▶ YOUR OBJECTIVE: Return the records exactly as they appear below, omitting the pictures.

====== ENTRIES PROVIDED

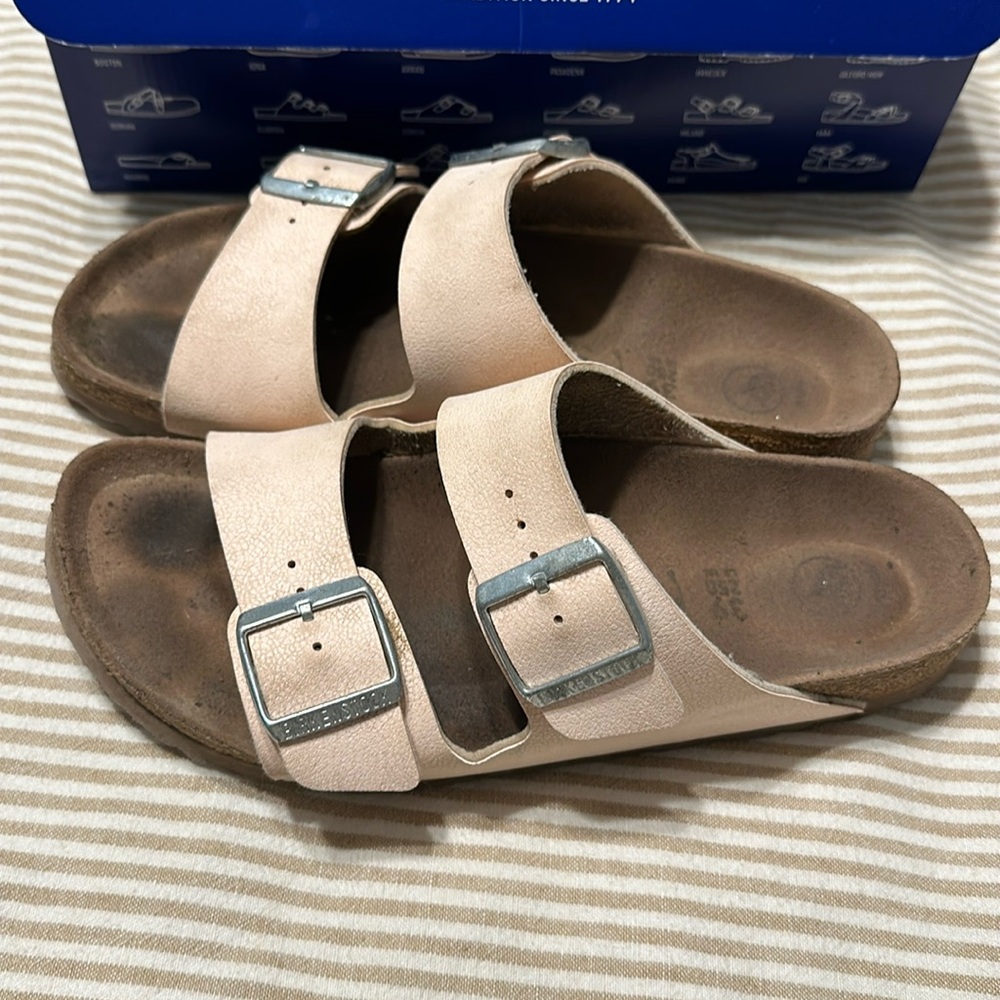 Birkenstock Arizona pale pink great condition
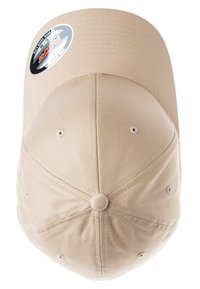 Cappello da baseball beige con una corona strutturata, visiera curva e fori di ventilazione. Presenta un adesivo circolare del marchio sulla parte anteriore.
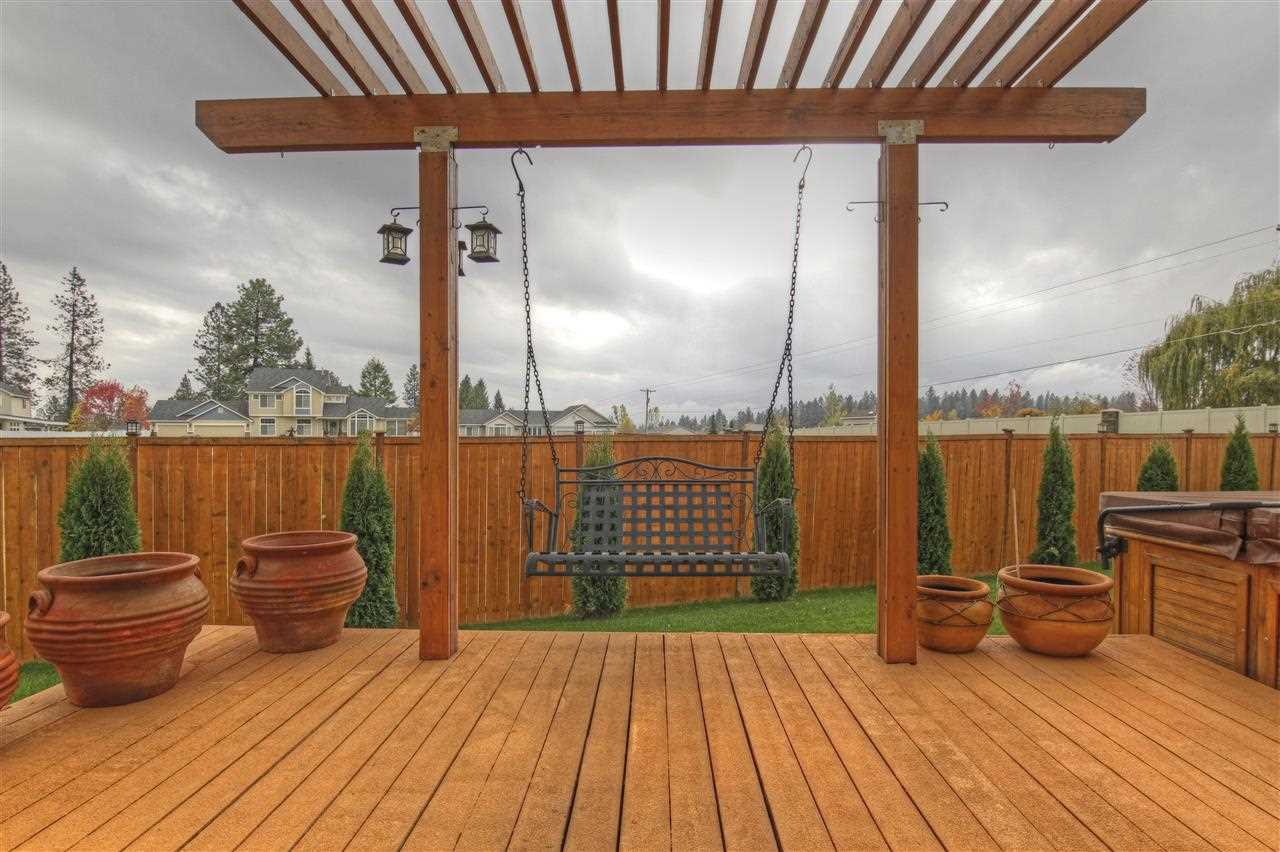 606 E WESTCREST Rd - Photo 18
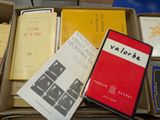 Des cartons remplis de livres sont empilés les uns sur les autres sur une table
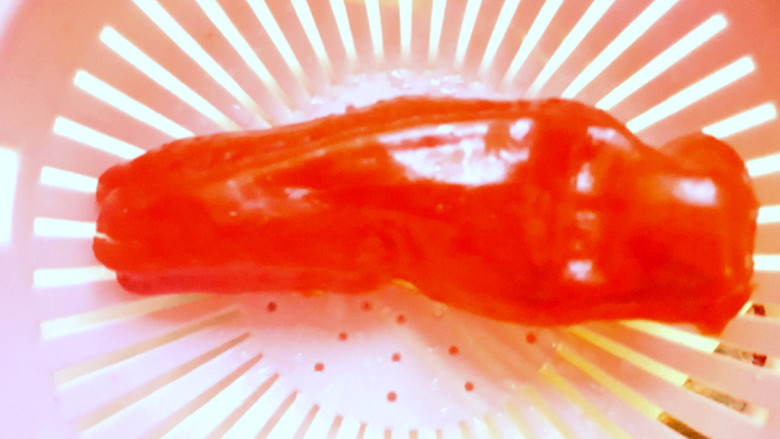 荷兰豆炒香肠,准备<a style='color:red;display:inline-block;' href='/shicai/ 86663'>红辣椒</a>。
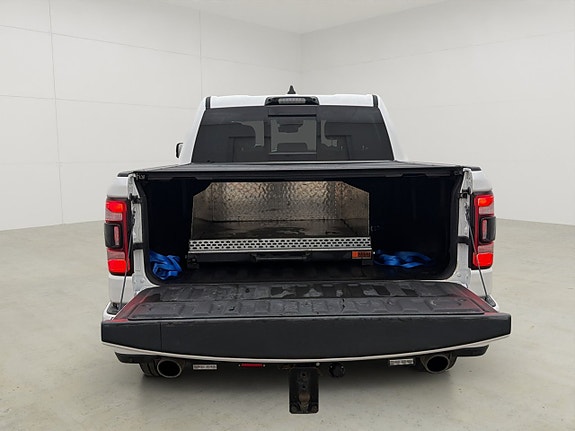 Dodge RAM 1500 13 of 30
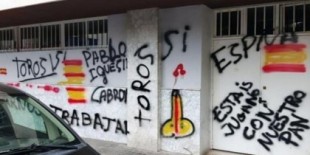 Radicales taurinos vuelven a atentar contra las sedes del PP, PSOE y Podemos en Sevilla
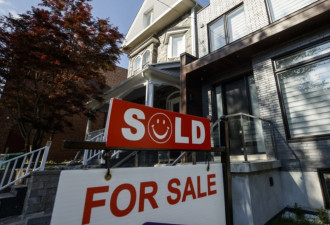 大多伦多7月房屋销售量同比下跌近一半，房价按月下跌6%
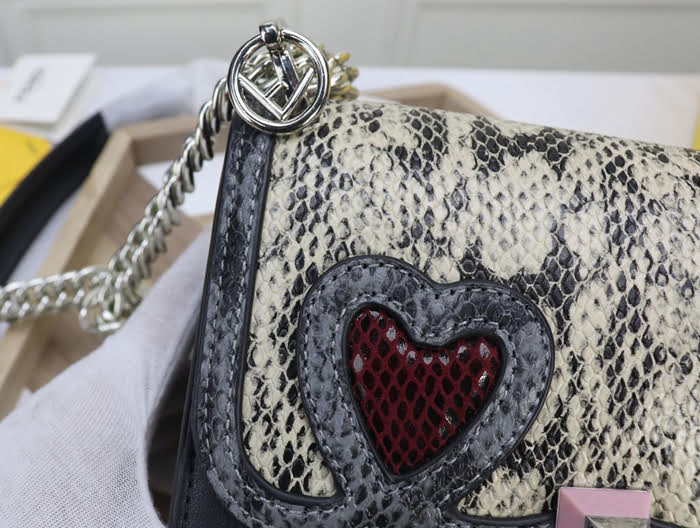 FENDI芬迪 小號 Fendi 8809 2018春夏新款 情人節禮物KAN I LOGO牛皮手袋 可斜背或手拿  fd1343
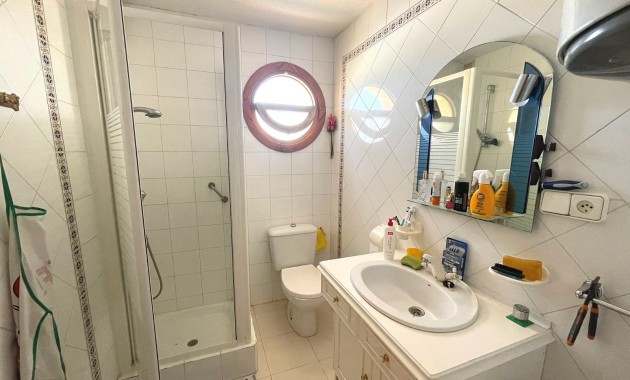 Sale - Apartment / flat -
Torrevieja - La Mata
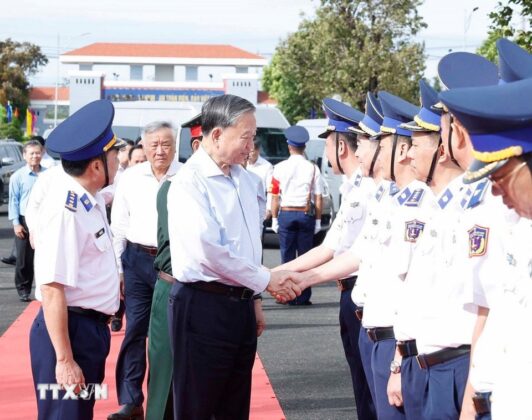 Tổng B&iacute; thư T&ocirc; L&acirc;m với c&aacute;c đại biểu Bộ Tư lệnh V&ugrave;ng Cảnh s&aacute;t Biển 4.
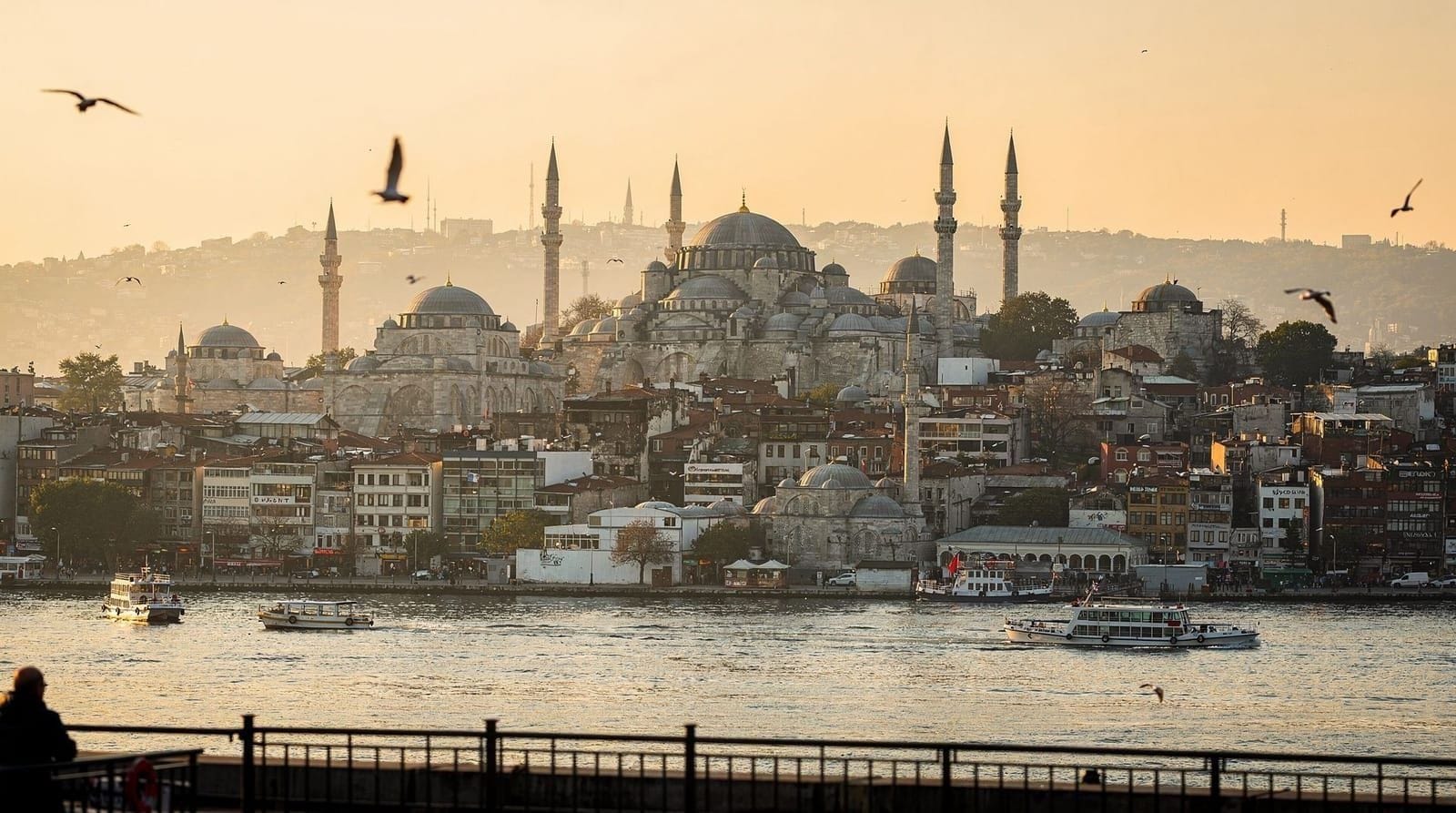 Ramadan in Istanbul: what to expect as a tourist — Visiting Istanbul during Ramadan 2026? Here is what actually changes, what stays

============

▶ RESPONSE BOX:
 Birkenstock Arizona pale pink great condition
 Cappello da baseball beige con una corona strutturata, visiera curva e fori di ventilazione. Presenta un adesivo circolare del marchio sulla parte anteriore.
 606 E WESTCREST Rd - Photo 18
 Des cartons remplis de livres sont empilés les uns sur les autres sur une table
 荷兰豆炒香肠,准备<a style='color:red;display:inline-block;' href='/shicai/ 86663'>红辣椒</a>。
 Dodge RAM 1500 13 of 30
 Radicales taurinos vuelven a atentar contra las sedes del PP, PSOE y Podemos en Sevilla
 大多伦多7月房屋销售量同比下跌近一半，房价按月下跌6%
 FENDI芬迪 小號 Fendi 8809 2018春夏新款 情人節禮物KAN I LOGO牛皮手袋 可斜背或手拿  fd1343
 Sale - Apartment / flat -
Torrevieja - La Mata
 Tổng B&iacute; thư T&ocirc; L&acirc;m với c&aacute;c đại biểu Bộ Tư lệnh V&ugrave;ng Cảnh s&aacute;t Biển 4.
 Ramadan in Istanbul: what to expect as a tourist — Visiting Istanbul during Ramadan 2026? Here is what actually changes, what stays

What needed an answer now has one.